1. What is this program?
A personal education plan for young people at risk in Uganda.
2. How are the children chosen?
The mothers of most children have gone through a crisis pregnancy. All are destitute and in rare cases, the mother also returns to education. In most situations the mother is severely undereducated and unable to return to studies – yet the children are all capable.
3. Who is Omu’Omu Uganda?
A community-based organization near Matgua, Omu’Omu means “one at a time” in Lugandan. This is what how101 (help our world one on one) means as well as the “Starfish” story of helping one at a time…Staff and volunteers there are in charge of the program. Omu’Omu was established in January of 2019 to better focus and serve the educational community. (Starfish was founded in 2002.)
4. Is this a school?
No, kids continue to live with the mother or a guardian while they attend school.
5. Isn’t education free?
There are public schools in Uganda, yet they still require costs for children to attend. Schools that are privately run are higher caliber with greater impact on students.
6. What about boarding school?
Yes, as the kids mature, the best education for them is in boarding school. If home life is unstable, younger children will also board. Kids are often “clustered” so that they attend with others from the program.

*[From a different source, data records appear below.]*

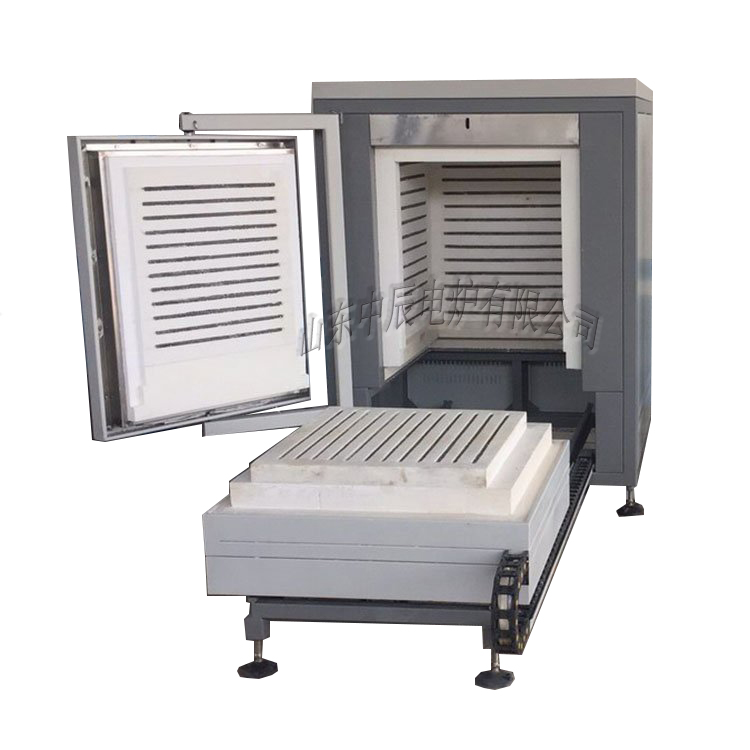 多面加热梭式炉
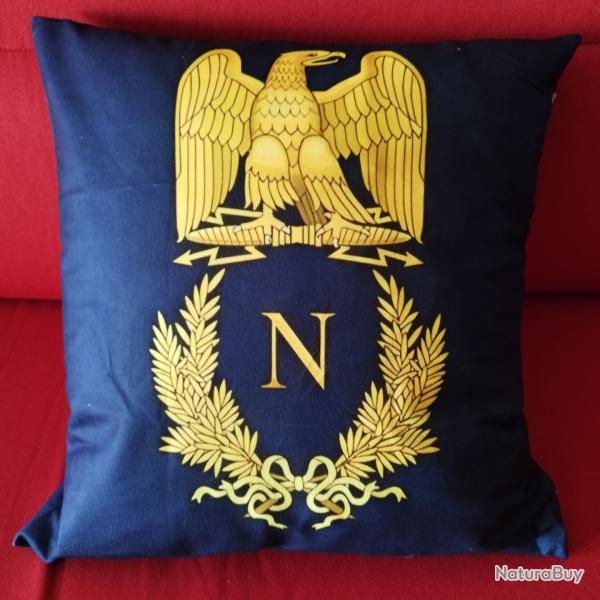 Empire /Bonaparte /housse coussin
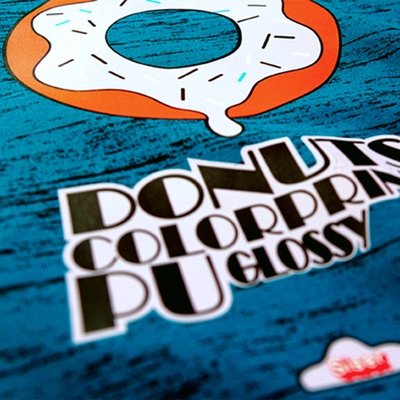 Flex thermocollant Siser Colorprint mat blanc 170µm 750 mm x 25 m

7. What else is done for them?
Good question! School alone will not produce a well-rounded person. Each child has a mentor to visit them at school and at home during the year. Often groups of children are gathered during breaks for field trips that can include service work – nurturing an attitude of “giving back”. In addition, there is a Holiday reunion in January and August. Annually, we host a Camp for kids and youth who are 5 years and older.
8. What are “Basic Necessities”?
Personal items needed on a regular basis. In the spring, a common gift for each is given. Examples include: a mattress, a backpack and shoes, jackets, etc. These gifts are purchased in Uganda (to aid the economy there and cut down on travel weight). At Christmas, the extra funds are to aid the family for food and staples.
9. How does the community surrounding the children benefit from sponsorship?
One benefit is that we have avenues to help the mothers or guardians of these children. We fund several gatherings throughout the year that focus on overcoming their struggles and meeting needs through training and strategic (uniform) gifts. The sponsor community in the U.S. benefits as well! We are always open to hearing how we can pray for you or anyone in the program. For those who approve, we add these requests (as well as some general information and testimonies) on our Omu’Omu Facebook page (This is a “closed” page only for our community. You will find that many people are happy to support you and we all have personal struggles!
10. What happens at the annual Camp?
Bonding, learning, spiritual development, personal growth and FUN! The kids are grouped by age for 4-5 days. Each year has a different theme. Activities vary from music, games, art, and small mentor groups. The older kids are introduced to career options as well. A highlight is always swimming in Lake Victoria at the end of the day!)
11. How do I become a sponsor?
We take the lives of these young children and youth seriously. Their individual information/photos are not posted on our web-site. A current sponsor who understands the program must recommend a person. A commitment must be made and in most cases we require the ability to pay monthly online (as this cuts down on administration cost on the U.S. side). A how101 representative will then talk to the potential sponsor on the phone before beginning the procedure.
12. What role does the sponsor play?
We ask sponsors to commit to a child for the duration of their education. The sponsor pays a monthly fee to support the child. In addition, we ask for encouragement via letters/photos. Once a year (when a team travels for Camp) Cards and letters are hand-carried over and distributed at Camp. We ask for extra donations twice a year for basic necessities – once before Camp and once at Christmas.
13. Why are these collected separately–and not just included in monthly payments?
The short answer is for accounting and tracking purposes. Some sponsors are not able to give more and we raise funds to ensure ALL receive these extra gifts. Sending funds in a group sum provides ease for Uganda staff to receive and purchase in a timely manner and for the U.S. team to fill in the gaps where needed. 100% of funds go toward this need.
14. What about trips to Uganda?
Annual trips to Uganda are opened first to sponsors. We encourage sponsors to meet their child and we provide training ahead of time. If a trip is not filled, we open to interested others who’ve been recommended by a previous team member. We, of course, do not require sponsors to go! Costs and activities are communicated in January of each year. Camp is generally held in May as this is when Ugandan children are on break. To learn more about trips/teams, please email: email@example.com
15. How is this different than other sponsorship programs?
As you’ve heard, it is quite personal and strategic! The funds go right to the source of helping the child. How101 does not take out any funds from a sponsor and a child does not get into the program until a commitment (first recurring payment) is made from a sponsor.